───── Input data ─────
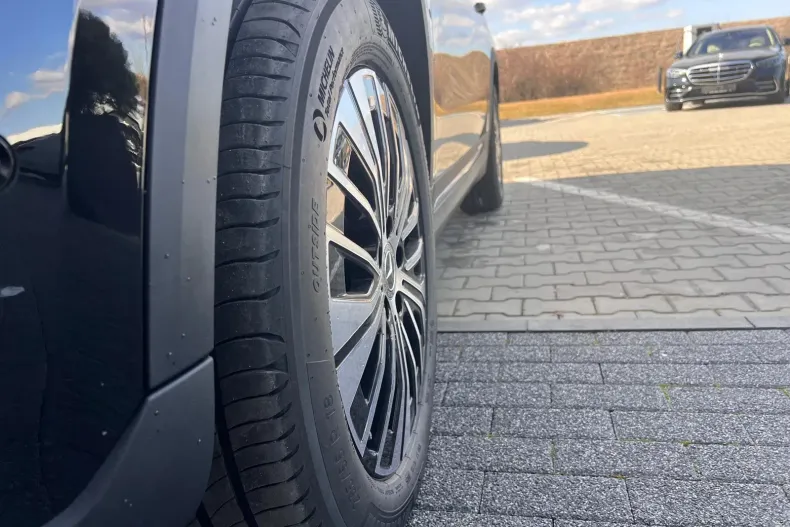 Mercedes-Benz EQA din 2025 cu 3.215 km - oferta MER104400 - foto 14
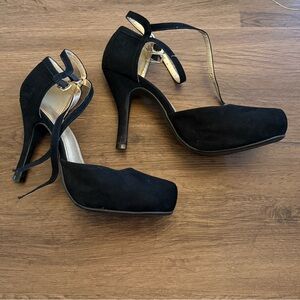 Dream Paris Black Women's Heels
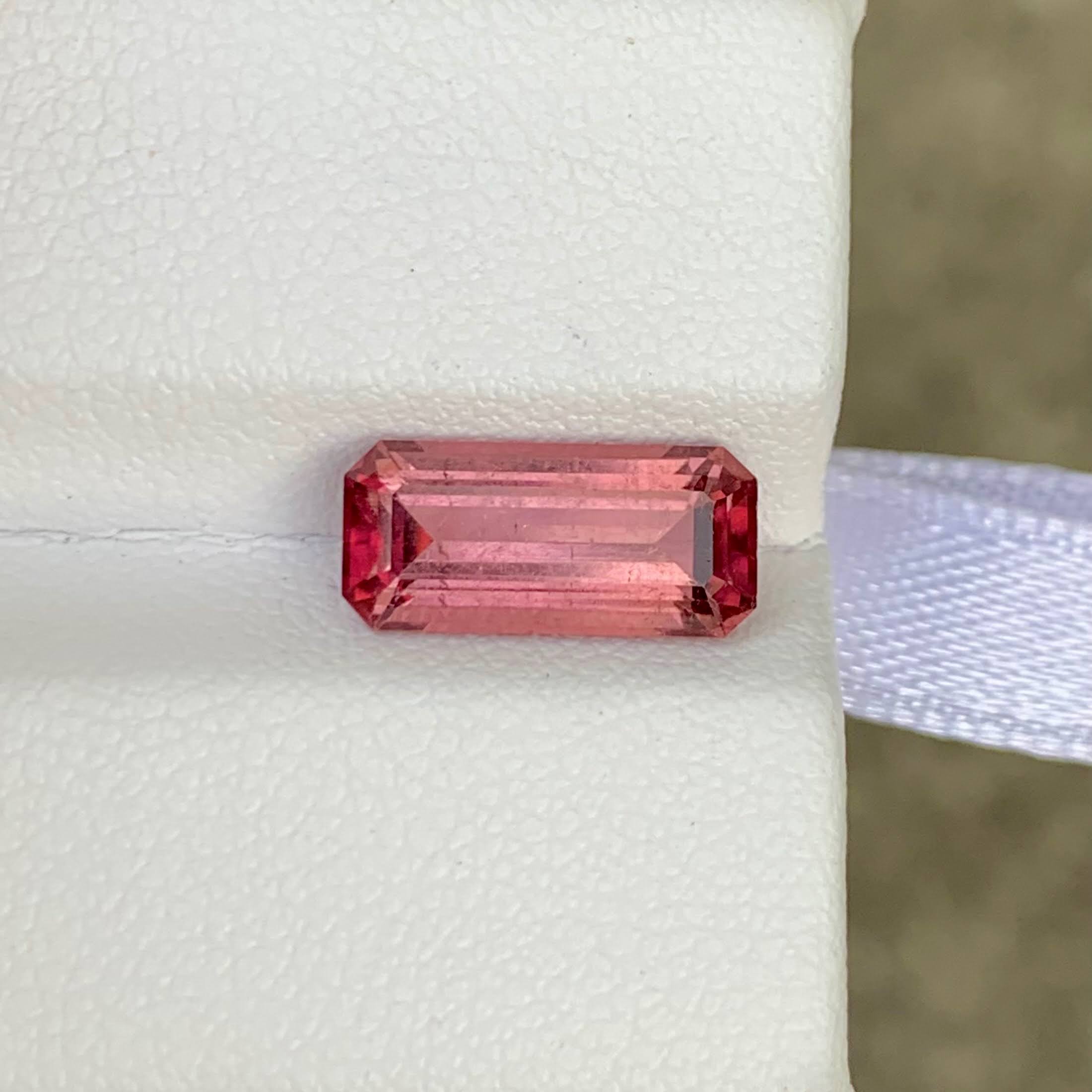 2-88-carats-peach-red-tourmaline-emerald-cut-african-gemstone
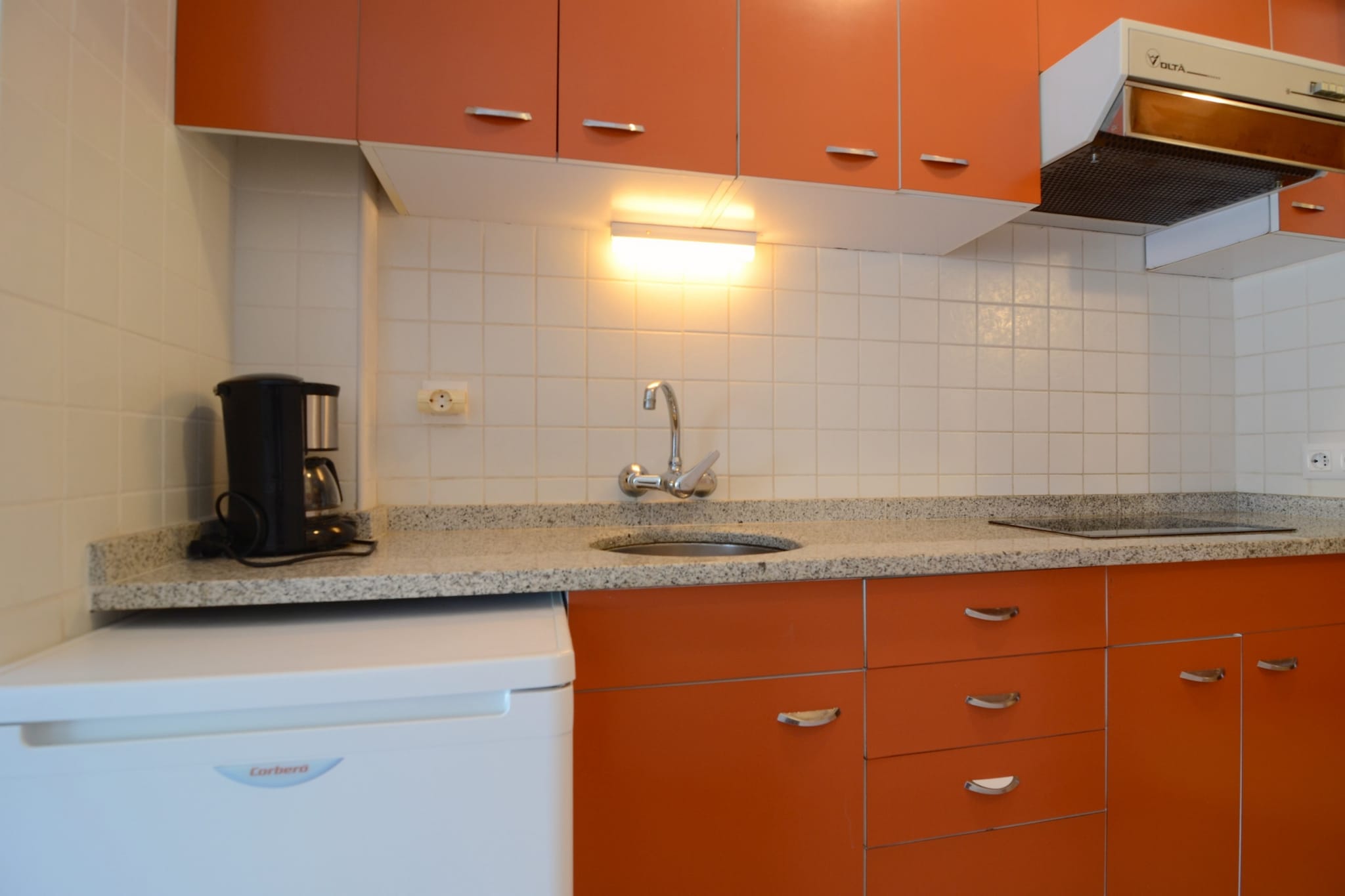 MEDES PARK I 2-1-Kitchen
─────
> Task brief
Reproduce the whole listing verbatim and keep all pictures out of it.

> Solution
 Mercedes-Benz EQA din 2025 cu 3.215 km - oferta MER104400 - foto 14
 Dream Paris Black Women's Heels
 2-88-carats-peach-red-tourmaline-emerald-cut-african-gemstone
 MEDES PARK I 2-1-Kitchen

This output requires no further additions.